Reciprocal Tariff Act
- Long title: AN ACT To amend the Tariff Act of 1930.
- Enacted by: the 73rd United States Congress

Citations
- Public law: Pub. L. 73–316
- Statutes at Large: 48 Stat. 943

Legislative history
- Introduced in the House as H.R. 8687; Signed into law by President Franklin D. Roosevelt on June 12, 1934;

= Reciprocal Tariff Act =

1934 United States tariff law

The Reciprocal Tariff Act (enacted June 12, 1934, ch. 474, , ) provided for the negotiation of tariff agreements between the United States and separate nations, particularly Latin American countries. The Act served as an institutional reform intended to authorize the president to negotiate with foreign nations to reduce tariffs in return for reciprocal reductions in tariffs in the United States up to 50%.

It resulted in a reduction of duties. This was the policy of the low tariff Democrats in response to the high tariff Republican program which produced the Smoot–Hawley tariff of 1930 that raised rates and sharply reduced international trade. The Reciprocal Tariff Act was promoted heavily by Secretary of State Cordell Hull.

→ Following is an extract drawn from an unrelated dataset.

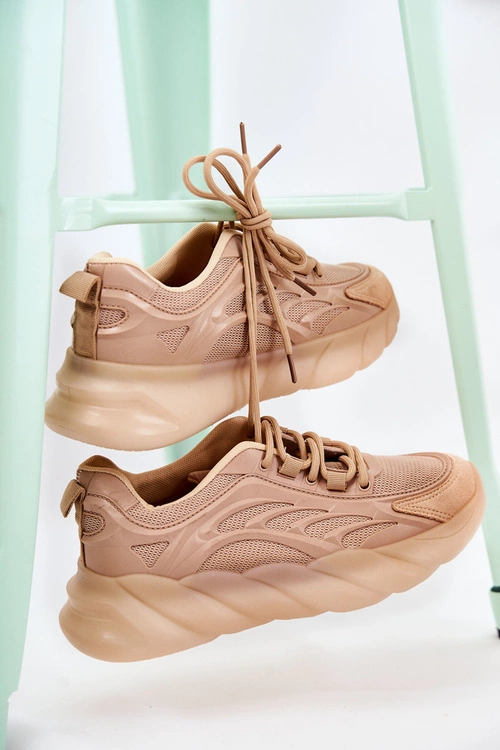 Modne Damskie Buty Sportowe Sneakersy Beżowe Sollero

== Reciprocal Tariff Act of 1934 ==

President Franklin D. Roosevelt signed the Reciprocal Trade Agreements Act (RTAA) into law in 1934. It gave the president power to negotiate bilateral, reciprocal trade agreements with other countries and enabled Roosevelt to liberalize American trade policy around the globe. It is widely credited with ushering in the era of liberal trade policy that persisted throughout the 20th century.

Tariffs in the United States were at historically high levels from the American Civil War to the 1920s. In response to the Great Depression, Congress accelerated its protectionist policies, culminating in the Smoot–Hawley Act of 1930, a smorgasbord of high tariffs across many American industries. At the same time, European countries enacted protectionist policies.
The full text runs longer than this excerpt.